The pleasure of your Bedlam’: Mismanaging Insanity in The Changeling
Résumé
Together with Dekker’s The Honest Whore, Part 1, Shakespeare’s King Lear, Webster’s The Duchess of Malfi and Fletcher’s The Pilgrim, Middleton and Rowley’s The Changeling testifies to the “abnormally extensive use of madness upon the Jacobean stage” (Rentoul Reed) and stands as one of the best and most famous English “madhouse plays”. The first record of its performance at Whitehall dates back to January 1623, but it is likely to have been performed at the Phoenix Theatre as early as 1622. Whatever the precise date, it seems significant that the play was performed after the 1620 “Petition of the Poor Distracted People in the House of Bedlem”, that is, after the appointment of Dr Helkiah Crooke — one of James I’s private court physicians — as keeper of Bedlam in 1618. The timing suggests that Middleton and Rowley may be making topical connections between Dr Crooke and their Dr Alibius. To begin with, a brief diachronic survey of the hospital of Bethlehem from its creation in 1247 to Rowley and Middleton’s days will be helpful in gaining a better understanding of the sorry state the asylum was in and what might have been the Jacobean audience’s shared knowledge and expectations as spectators.

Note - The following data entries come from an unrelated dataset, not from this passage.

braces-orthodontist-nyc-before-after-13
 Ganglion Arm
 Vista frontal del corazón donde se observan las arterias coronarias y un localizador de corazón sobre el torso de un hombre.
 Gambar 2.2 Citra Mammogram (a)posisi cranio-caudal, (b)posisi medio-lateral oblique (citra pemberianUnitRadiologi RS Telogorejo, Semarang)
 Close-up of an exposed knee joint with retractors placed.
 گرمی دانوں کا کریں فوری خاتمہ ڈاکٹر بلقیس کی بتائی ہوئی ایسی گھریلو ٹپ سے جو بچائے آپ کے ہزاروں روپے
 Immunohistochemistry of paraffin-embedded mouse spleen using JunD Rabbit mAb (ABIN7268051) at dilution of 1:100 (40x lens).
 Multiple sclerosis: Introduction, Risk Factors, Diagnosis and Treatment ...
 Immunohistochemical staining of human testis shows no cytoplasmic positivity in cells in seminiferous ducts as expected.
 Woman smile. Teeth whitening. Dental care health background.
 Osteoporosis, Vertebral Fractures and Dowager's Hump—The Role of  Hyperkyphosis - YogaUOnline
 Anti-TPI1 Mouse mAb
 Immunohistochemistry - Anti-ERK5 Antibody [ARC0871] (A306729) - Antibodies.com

Topically resonant allusions in the play to mismanagement will then be traced and analysed — that is, elements exposing the predominance of financial motives over medical competence and concern. These include suggestions of embezzlement, abuse of power, neglect and negation, exploitation, and so forth. Middleton and Rowley’s satirical target will finally emerge as having a broader scope. Our focus will shift from political to religious criticism, from “clinical” to human folly. But these categories may also prove permeable.